True Story: Why We Bought Out Our VC Investors

It started in 1999. We had already grown Palo Alto Software from zero to more than $5 million in annual sales in five years, without investment. But valuations had gone crazy, and our bplans.com site was already getting millions of visits every month. So we decided to look for venture capital to grow the company and sell it.

The boom seemed temporary, and we decided to take advantage before it waned. We had a sense of a very large open window that was going to close.

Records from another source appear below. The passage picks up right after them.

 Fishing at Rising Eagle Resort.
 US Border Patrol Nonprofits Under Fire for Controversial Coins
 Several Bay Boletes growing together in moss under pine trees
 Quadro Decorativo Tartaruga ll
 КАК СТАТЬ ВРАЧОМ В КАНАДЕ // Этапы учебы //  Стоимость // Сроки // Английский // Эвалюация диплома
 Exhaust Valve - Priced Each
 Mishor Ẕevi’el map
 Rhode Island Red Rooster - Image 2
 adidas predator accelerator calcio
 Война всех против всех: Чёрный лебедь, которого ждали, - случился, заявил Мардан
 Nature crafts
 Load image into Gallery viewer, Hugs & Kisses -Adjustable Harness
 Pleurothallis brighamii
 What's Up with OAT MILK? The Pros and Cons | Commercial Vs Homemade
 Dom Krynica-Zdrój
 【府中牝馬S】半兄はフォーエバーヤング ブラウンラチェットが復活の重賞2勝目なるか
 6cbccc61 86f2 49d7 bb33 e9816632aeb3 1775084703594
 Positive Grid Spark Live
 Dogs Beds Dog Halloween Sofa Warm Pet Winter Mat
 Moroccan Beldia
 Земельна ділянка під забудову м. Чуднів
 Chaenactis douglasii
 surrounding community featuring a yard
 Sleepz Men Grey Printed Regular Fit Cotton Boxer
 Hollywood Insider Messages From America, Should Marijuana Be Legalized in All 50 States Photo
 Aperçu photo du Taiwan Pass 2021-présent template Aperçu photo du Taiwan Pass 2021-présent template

But we were too late. We signed a deal early in 2000, just a few weeks before the dot-com bubble burst. Very quickly we saw our web properties, which had been worth tens of millions of dollars, settle into more realistic valuations. And more realistic wasn’t interesting to us. We didn’t want to sell the company for what it was worth in 2001, based on sales multiples. We had wanted to sell it in 1999, when valuations were based on website traffic.

Which left us and our investors with incompatible goals. They wanted to flip the company, while we wanted to build it, grow it, and keep it.

We liked our investors. They believed in us, wanted the same thing we did, and offered useful suggestions. They were smart, honest, and respectful. But we ended up with minority owners who wanted only to sell the company, and we no longer wanted to. So we negotiated a deal, and bought their share back from them. That was in 2002.

The buy-back deal wasn’t easy because we’d spent the money to grow and didn’t keep it liquid. But we didn’t want minority investors to be trapped in our company with no hope of a near-term liquidity event.

It all worked out. We still see them on occasion, and they are still friends. But it is one good example of a case in which you don’t want incompatible goals in the ownership of your company.